# Hobbies?



## livelaughlovenow (Apr 23, 2012)

What is your hobby? What about your spouse?
_Posted via Mobile Device_


----------



## thegatewalker (Apr 29, 2012)

I program and also games 
spouse reading and writing collecting buttons and arts and crafts.


----------



## onehotmama (Apr 13, 2012)

Reading, cooking, scrapbooking.. My spouse mostly just sits in front of the computer, unfortunately.
_Posted via Mobile Device_


----------



## 827Aug (Apr 27, 2008)

I really have a lot. Horses, gardening, flowers (specifically irises, Christmas cacti, gladioluses, & day lilies), artwork, and many craft type things. My estranged husband always had a lot of hobbies too. The problem was that we never really shared any common hobbies.


----------



## In_The_Wind (Feb 17, 2012)

Mine is exercising and working on my motorcycle my spouse is going to school lol.she is finishing up her nurse practioner license she does like to go to the movies when she can and she loves to decorate
When she has time
_Posted via Mobile Device_


----------



## waiwera (Sep 8, 2009)

Mine - Dancing...middle eastern mainly but also fire poi and a bit of burlesque (sp?).

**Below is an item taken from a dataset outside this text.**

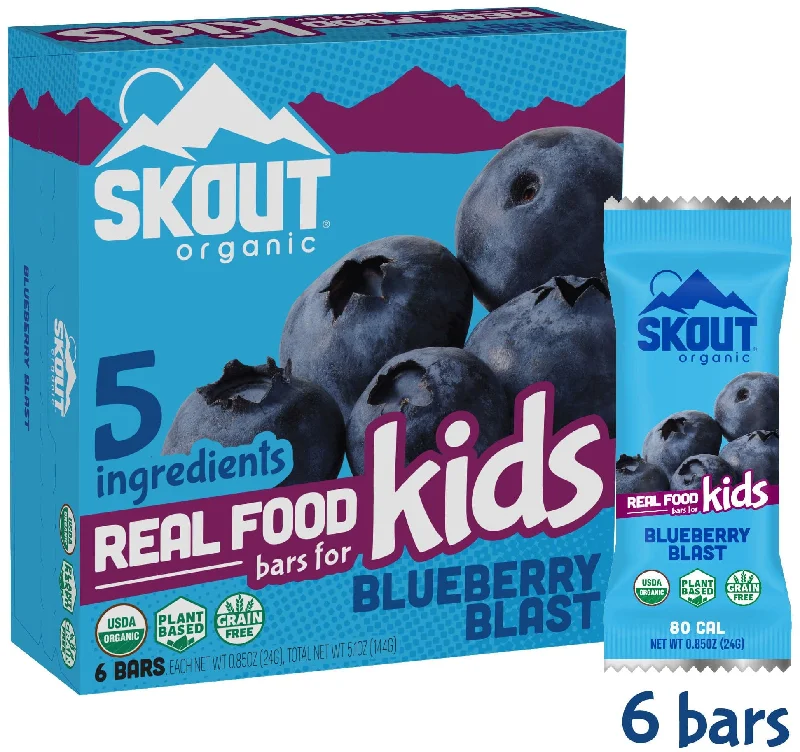 - Natural latex pet mattressSkout Organic - Kids Bar Blueberry Blast, 6 Bars, 0.85oz Each | Pack of 6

With hubby - earth building, bee keeping, kayaking and fishing.

We live on a small farm where we grow lots of food (veges, herbs, fruit) and rear small animals which we both enjoy and learn about together.. so it's a hobby/lifestyle.


----------



## Gaia (Apr 27, 2012)

thegatewalker said:


> I program and also games
> spouse reading and writing collecting buttons and arts and crafts.



Add in hiking, gardening, (loves horses to but currently don't have any)horseback riding, camping, collecting beads, ect to the spouse part mr gate...


----------